Dans la même veine, notre ministre de la Justice Koen Geens a affirmé qu’il « continuera sa réforme » malgré trois semaines de grève des gardiens de prison et les menaces de grève des magistrats (une première depuis 1918) contre l'austérité. Et de brandir le service minimum contre la grève et le « devoir de réserve » pour faire taire les juges.

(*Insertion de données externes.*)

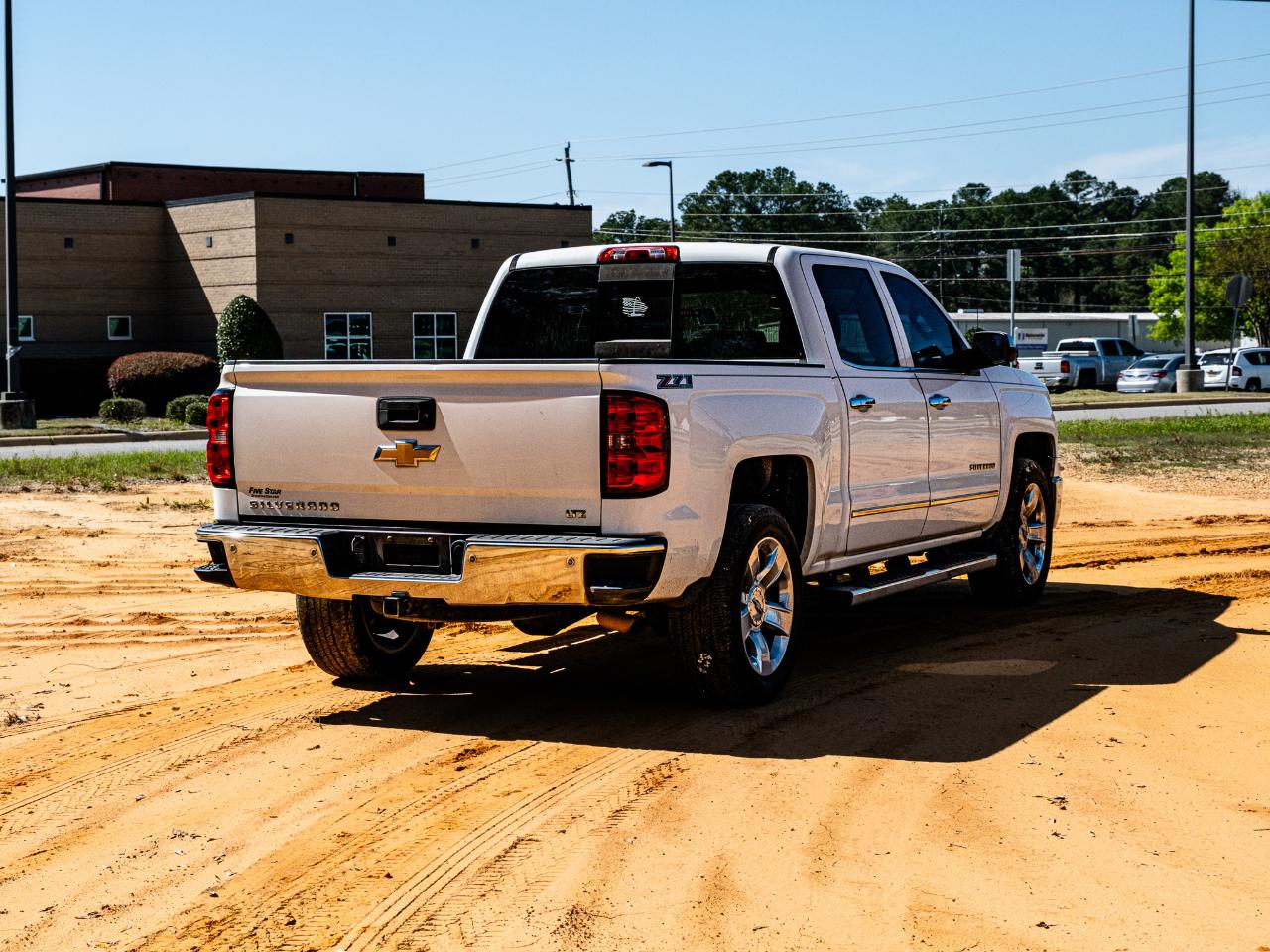 Chevrolet Silverado 1500 LTZ Crew Cab Long Box 4WD 2015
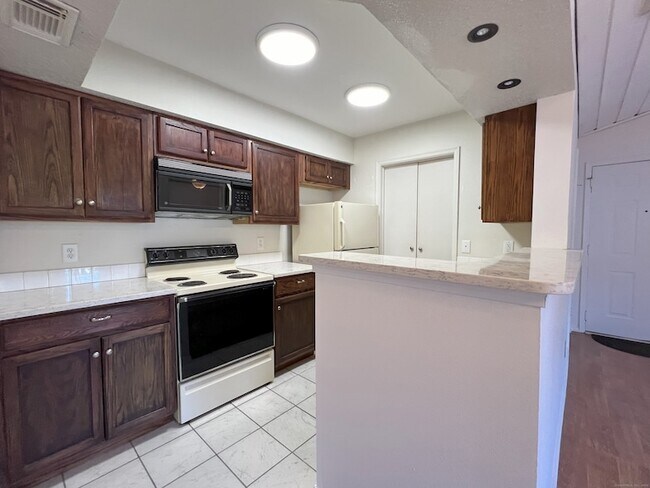Building Photo - 91 Crown Knoll Ct
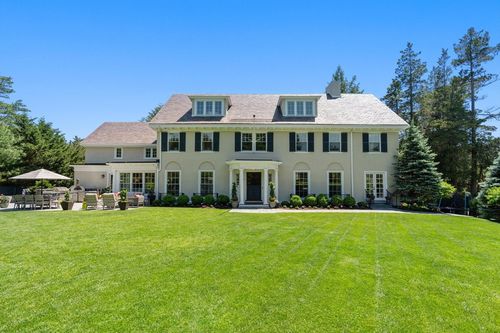 10 Burnham Rd, Newton, MA, 02465-2928 | Card Image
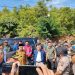 Mantan Wakil Presiden Republik Indonesia (RI), Jusuf Kalla, mengunjungi Posko evakuasi insiden helikopter yang ditumpangi Kapolda Jambi dan rombongan, di Tamiai, Kecamatan Batangmerangin. (Foto Pariwarajambi/Riky)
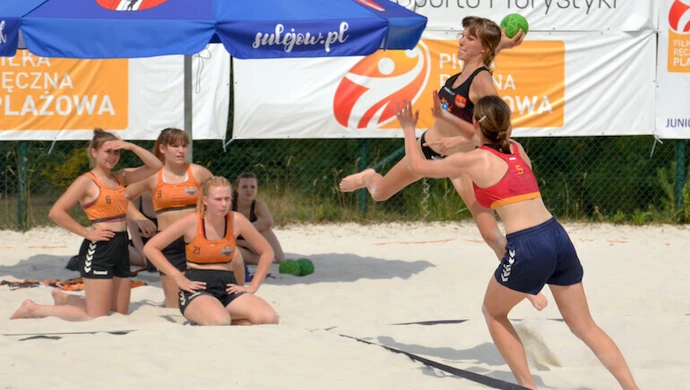 Mistrzostwa Polski w piłce ręcznej plażowej w Sulejowie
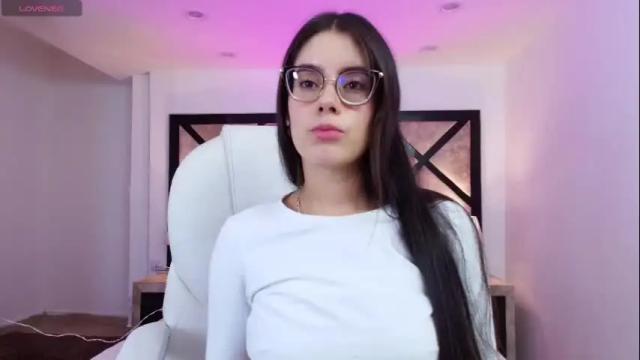 Image 10 of miasilverr Stream on Chaturbate on 2 months ago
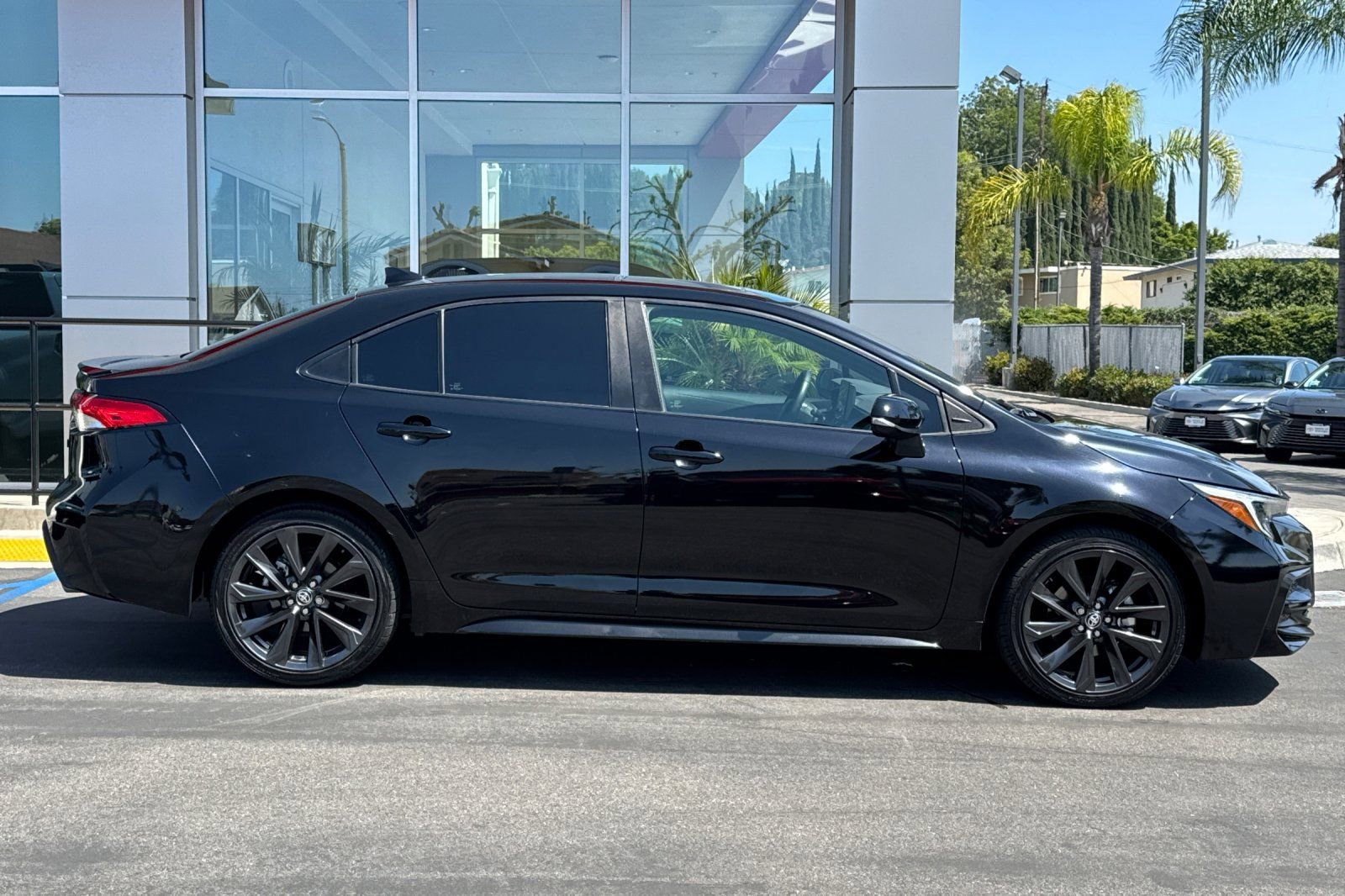 Certified 2023 Toyota Corolla SE w/ SE Premium Package image 4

Le premier ministre de l'ombre, Bart De Wever, prétend que les grèves sont politiques, téléguidés par le PS. Mais le PS au pouvoir en France pratique juste la même politique que le gouvernement de droite en Belgique. Dans toute l'Europe, les gouvernements, des sociaux-démocrates aux libéraux en passant par les chrétiens-démocrates et conservateurs, appliquent des politiques d’austérité et des réformes au service du monde patronal. Et les différents appel à réfléchir et affirmer le « sens de l'État » vont tous dans la direction d'un renforcement de l'autoritarisme.
« Toutes les professions sont en train de converger. »
Mais face à cette dérive austéritaire ici, en France et ailleurs en Europe, la réponse est dans la rue.
Après six journées de manifestations, la gauche du mouvement en France pousse maintenant aux grèves reconductibles chez les dockers, routiers, cheminots, chauffeurs de bus, travailleurs de la pétrochimie et ailleurs. C'est une lutte intense, secteur par secteur. « Les salariés oscillent entre colère notamment par rapport au 49-3 et manque de confiance dans la capacité du mouvement à entraîner des millions de gens dans les rues. Ils ont en quelque sorte besoin de le voir pour le croire », estime Nicolas Avinin, secrétaire général de la CGT chez Arkema (chimie). « C'est sûr qu'il faut un noyau dur pour entraîner les autres », estime pour sa part Olivier Minoux, délégué CGT de Solvay-Rhodia à Saint-Fons.
Olivier Mateu, secrétaire de la CGT des Bouches-duRhône : « Partout où on le peut, on mettra les usines à l'arrêt. Nos productions sont toute imbriquées et cela peut aller très vite, ce sera aux travailleurs d'en décider en assemblée générale. Nous ferons tout pour que cette loi ne passe pas. Les salariés n'ont plus rien à perdre, le gouvernement oui. »
« L'attitude du gouvernement a durci encore plus la colère des salariés, il n'y a plus aucun dialogue possible avec lui, estime Pascal Galéoté, également secrétaire CGT. François Hollande a annoncé qu'il ne reculerait pas, eh bien nous ne reculerons pas non plus. Le mouvement social va s'intensifier, ce gouvernement a fait une erreur fondamentale car toutes les professions sont en train de converger. »
En Belgique, après la manifestation du 24 mai, le rapport de forces continuera de se construire à travers les actions annoncées dans les services publics le 31 mai et la grève générale du 24 juin à l'appel de la FGTB et de certaines centrales de la CSC.
Une conjonction des mouvements en Belgique et en France peut faire très mal au 1 % et aux gouvernements qui appliquent leurs volontés. C'est ce qui s'est passé il y a 80 ans, en 1936, quand, dans les deux pays, les travailleurs ont arraché les premiers congés payés et la semaine de 40 heures.